L'idée stupide de devenir un archange me traversa un éclair de seconde. Je ne pouvais accéder à ce titre alors que j'étais encore vivant. Je n'avais également rien commis d'extraordinaire dans ma vie. J'allais sur mes 83 ans et je réalisais soudainement que j'avais consacré plus de soixante longues années à Mael. Je n'avais rien fait. Rien construit. Tout avait tourné autour d'elle.
-Nous allons vous rendre votre jeunesse, annonça celui qui avait recueilli les murmures de Mickaël.
-Non ! m'indignais-je.
-Personne n'en sait autant sur elle que toi, insista Mickaël. Former quelqu'un nous prendrait trop longtemps. Un jour, elle réapparaîtra et nous devrons la combattre. Nous aurons alors besoin de toi, mon ami.
Mickaël m'avait en parti convaincu. Je ne m'approuvais pas cette décision. Je n'étais nullement digne d'un tel cadeau. Je n'avais servi à rien durant toutes ces années sauf à créer d'autres problèmes. Malheureusement, Mickaël avait raison. Comment pouvais-je oser accepter un tel cadeau ? Malgré ma sagesse, je ne pouvais l'imaginer. J'avais peur rien qu'à l'idée de devoir tout recommencer. Une nouvelle vie me tendait les bras et je ne voulais pas la saisir. Au fond de mon âme, je me sentais fatigué, incapable d'envisager une nouvelle existence. Le rêve de tellement de gens m'était offert. Je regardais Mickaël. Les mots sortirent de ma bouche sans que je puisse les contrôler.
-Nous n'aurons jamais à la combattre. Elle préférera se faire oublier plutôt que de revivre cette punition.
-Elle est un risque que nous ne devons pas sous-estimer, ajouta Mickaël.

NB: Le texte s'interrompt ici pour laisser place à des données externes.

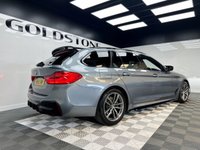 USED 2018 18 BMW 5 SERIES 2.0 520i M Sport Touring 5dr Petrol Auto Euro 6 (s/s) (184 ps) M PERFORMANCE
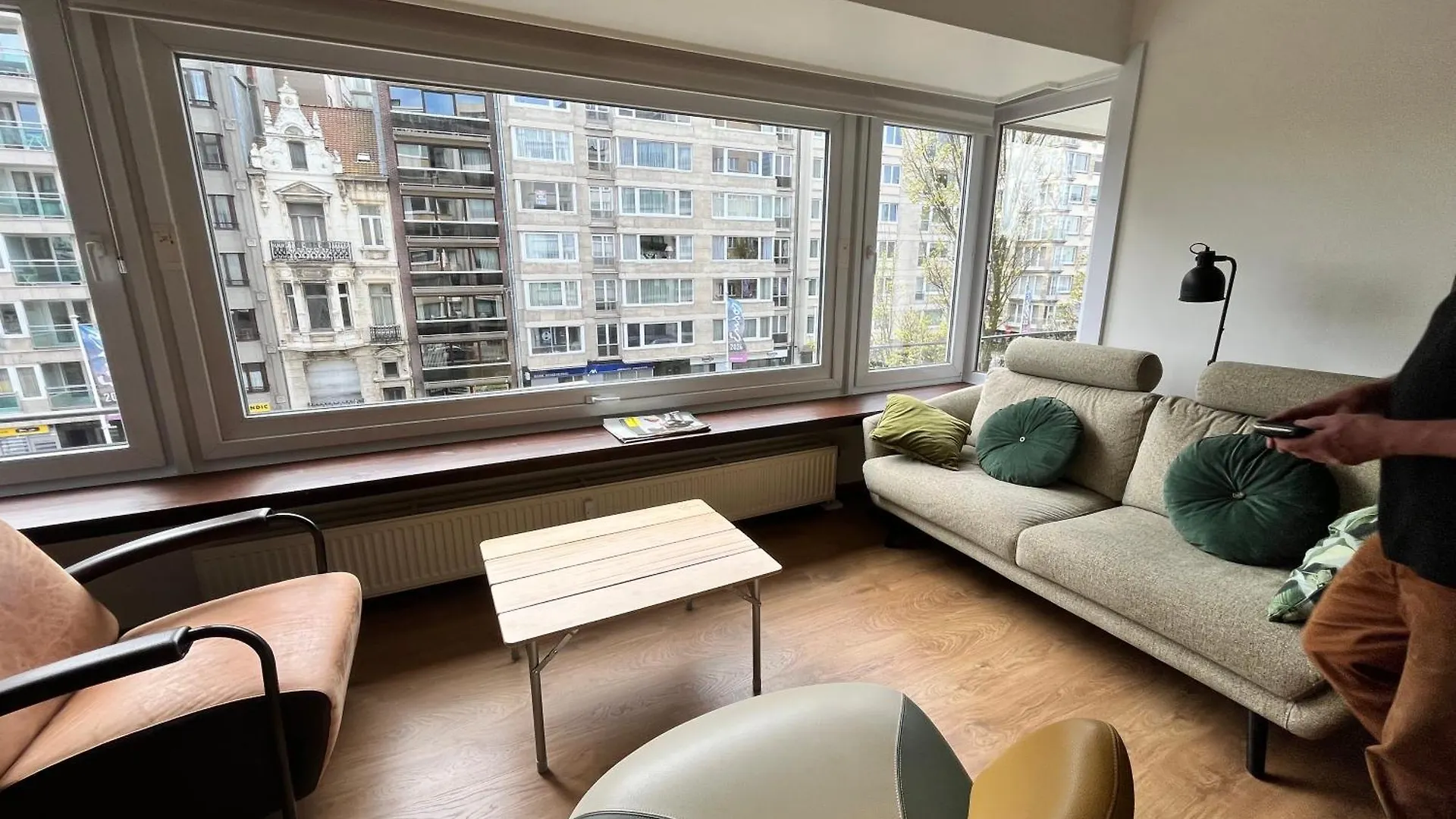 Charming 2-Bedroom Apartment In The Heart Of Ostend T30 0*,  België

Encore une fois, il avait raison. Pourtant je connaissais Mael et je savais que jamais elle ne se risquerait de les défier une nouvelle fois. Je finis pourtant par accepter sa proposition. Mickaël voulut lui-même réaliser ma transformation. Il posa simplement les mains sur mon torse. Une chaleur m'envahit. Ma douleur à la hanche disparut. Mes mains déformées par l'arthrose retrouvèrent un aspect normal, puis toutes mes petites douleurs se transformèrent en souvenirs. Quand il eut fini, il s'effondra. Je le rattrapais et le soulevais aussi facilement que lorsque j'avais vingt ans. Il me murmura à l'oreille.
-Ne gâche pas ce cadeau mon ami. Je risque mes ailes en pariant sur toi.
J'avais de nouveau mes 19 ans mais avec l’expérience d'un vieillard de 83 ans. J'avais plus qu'un cadeau. Je repris une vie normale, des études, réalisais de vieux rêves. Ma route ne croisa ni ange ou tout autre créature de l’invisible. Douze ans plus tard, ce monde qui s'était détourné brutalement de moi, frappa à ma porte un mardi matin.